Yüzlerce yaralı çocuk
Dabour’a kendisini de çok etkileyen çocukların durumunu sorduk, şöyle özetledi:
“Her gün çok ciddi şekilde yaralanmış yüzlerce çocuk geliyor. İlginç olan, çocukların çoğu ağlamıyor.”
“Bazıları şokta, bazıları bombardımana yataklarında yakalandığı için henüz uykulu, bazıları da başına geleni idrak edememiş halde. Örneğin yaralı gelen bebeklerden biri tüm ailesini kaybetmiş olduğundan habersiz, tedavi sırasında bile ağır uykusundan uyanmamıştı.”
“Anne ve babasını kaybetmiş beş kardeş de hastanenin bekleme koltuklarında sessizce uzun süre oturdu.”
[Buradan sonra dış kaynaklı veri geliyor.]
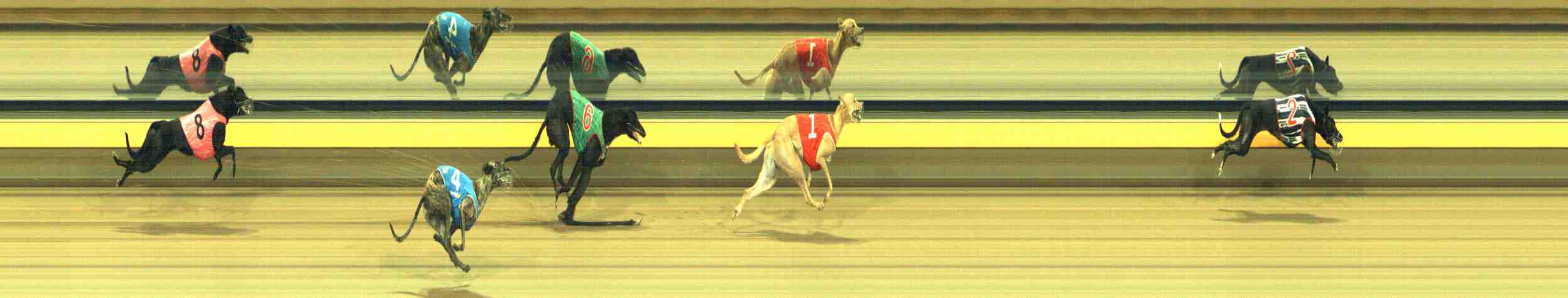 Photo finish for Horsham Race 9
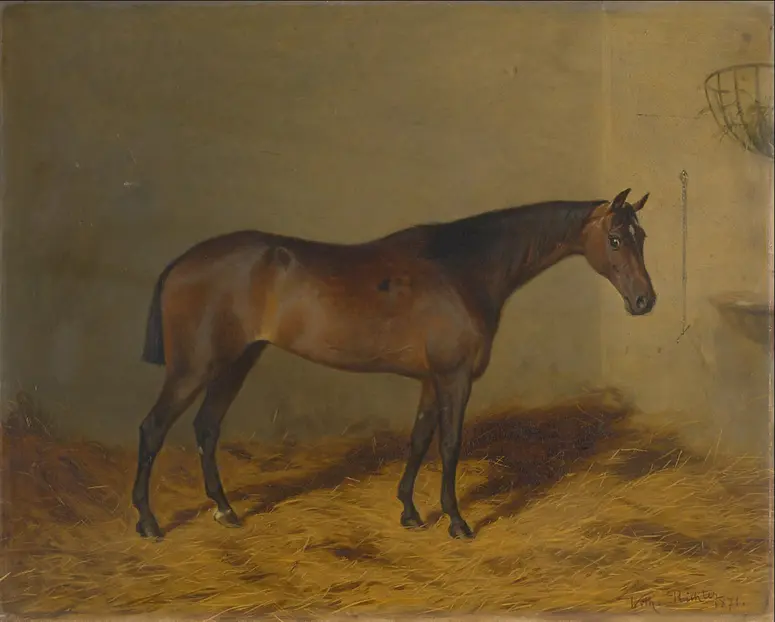 Bildnis eines braunen Irländer Pferdes der Kaiserin Elisabeth (Vanity 1871); Öl auf Leinwand, signiert und datiert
“Fiziken çok ağır yaralı olan çocuklar geliyor ama bunun da ötesinde hepsinin uzun süre psikolojik tedavi görmesi gerekecek…”
Yakınları öldürüldü
Dr. Dabour, kendisinin de kuzenini kaybettiğini, hastaneye gelen akrabalarını görünce fark ettiğini anlattı:
“Dokuz aylık hamile bir kadın geldi, öldürülmüştü, morga götürüldü. Onun kuzenim olduğunu, hastaneye akrabalarımız gelince öğrendim.”
“Zaten Gazze’de bir yakınını, akrabasını kaybetmemiş kimse yok.”
İsrail ne gazı kullanıyor?
Dr. Dabour ile aynı hastanede çalışan Norveçli Doktor Mads Frederick Gilbert, yaralılarda garip belirtiler fark ettiklerini, kimyasal silah izleri olabileceğini dile getirmişti. Bu iddiayı Dabour’a sorduk:
“Ben kimyasal silaha ilişkin bir kanıt görmedim. Ancak aşırı derecede rahatsız edici gazlar, kentin boş alanlarını kaplamış durumda. Bu gazlar gözleri yakıyor, nefes almayı zorlaştırıyor. Ne olduğunu bilmiyorum.”
İlaç ve tıbbi malzeme bitti
Hastanenin koşulları da giderek zorlaşıyor:
“İlaç ya da tıbbi malzemenin neredeyse hepsi bitmek üzere. Tedavi için gereken temel malzemeyi bile karşılamakta zorlanıyoruz. Her şeye ihtiyacımız var. Morg dolaplarında yer yok, gelen cesetler yerlere konuluyor.”
“Bizim için dua edin”
Dr. Dabour, Türkiye halklarına verdikleri destek için de teşekkür etti ve “Lütfen bizim için dua edin” diye bitirdi sözlerini.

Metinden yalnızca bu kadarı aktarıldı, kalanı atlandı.